Best answer: On the one hand, I agree with QOB's analysis; but, on the other, there are other men who will take your inviting them even to coffee as a signal you are immediately DTF.

Basically, this is a patriarchy problem, and it's not solvable because it's designed not to be solvable. There is no way to opt out of men's sexual interest at work; for men, that is a feature, not a bug. A fake wedding ring will help with some, but not the worst of them. Nor can you readily distinguish amongst those who are interested in networking and those who are using it as a stalking horse. Again, feature, not bug. I think invitations to one-on-one drinks are the most likely to lead in the wrong direction. I would generally avoid alcohol as much as possible in this context. Booze-free and daytime are least risky. But, most of all, I agree with many people above: stop blaming yourself.

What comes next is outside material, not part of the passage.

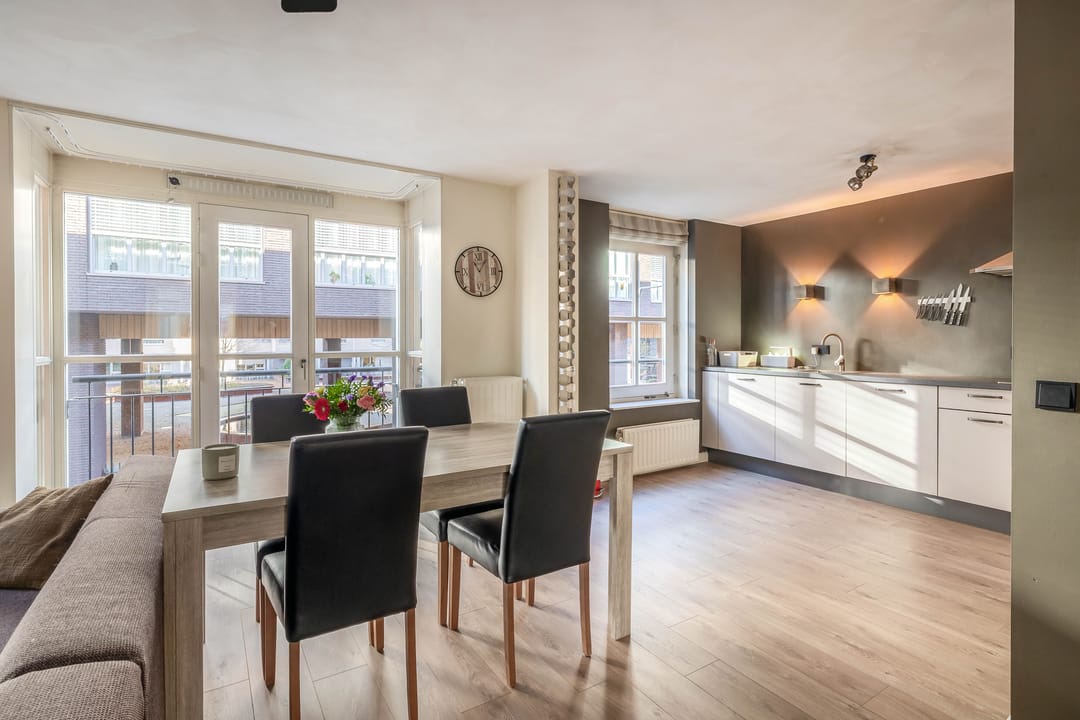 Foto 22 van Kluisstraat 50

(What was that old Barenaked Ladies song? "Jane, desired by the people at her school and work/Jane is tired 'cause every man becomes a lovesick jerk...")
posted by praemunire at 8:44 PM on August 5, 2018 [6 favorites]

Don't meet people you are not good friends with outside an office setting? I'm in my 40s and I've NEVER done this, unless it was a pretty good friend or me and some co-worker(s) were heading offsite to gossip or scheme. If a guy ever asked me to meet him for dinner so we could talk about my career my reply would and always has been a raised eyebrow and "uh, no" or "lol, no". Because that's pretty much a date in his mind already. You can meet in an empty conference room or the cafeteria. Similarly I'd never ask a mentee to meet me at a restaurant. This has not harmed my career at all btw.

In a minority of cases, I've also had taken men frequently pepper conversations with extraneous details of their love lives, which I'm generally taken back by because I definitely don't think I'm flirting.

This isn't necessarily romantic interest, men just tend to think that all women are interested in them and want to hear about their lives and will give good advice or something stupid like that. Don't engage, look bored or uncomfortable and don't answer beyond "I don't really know anything about that". With men I actually know I just say something like "O-kay! I'm still not a marriage counselor" and we move on. But most men really are relentless and shameless in trying to get your help or sympathy or have you take them on as a project. They seem to need a certain amount of time spent talking at women each day or they wither and die. Think how many movies involve a plot where a man finds a sympathetic woman to help him with his problems? Fucking all of them, that's how many.
posted by fshgrl at 9:39 PM on August 5, 2018 [3 favorites]

It is a little confusing to talk about networking because there are a couple of distinct things people mean when they say networking and they have very different rates of return.

The most valuable kind of networking is keeping in touch with people you've worked with in the past. This is a relatively small amount of time required to keep you in the minds of people who you have already vetted as reliable and have done the same for you, and can recommend you for things they know of as they come up. The value here increases over time - as you get more senior, you know people who are also more senior and have better connections.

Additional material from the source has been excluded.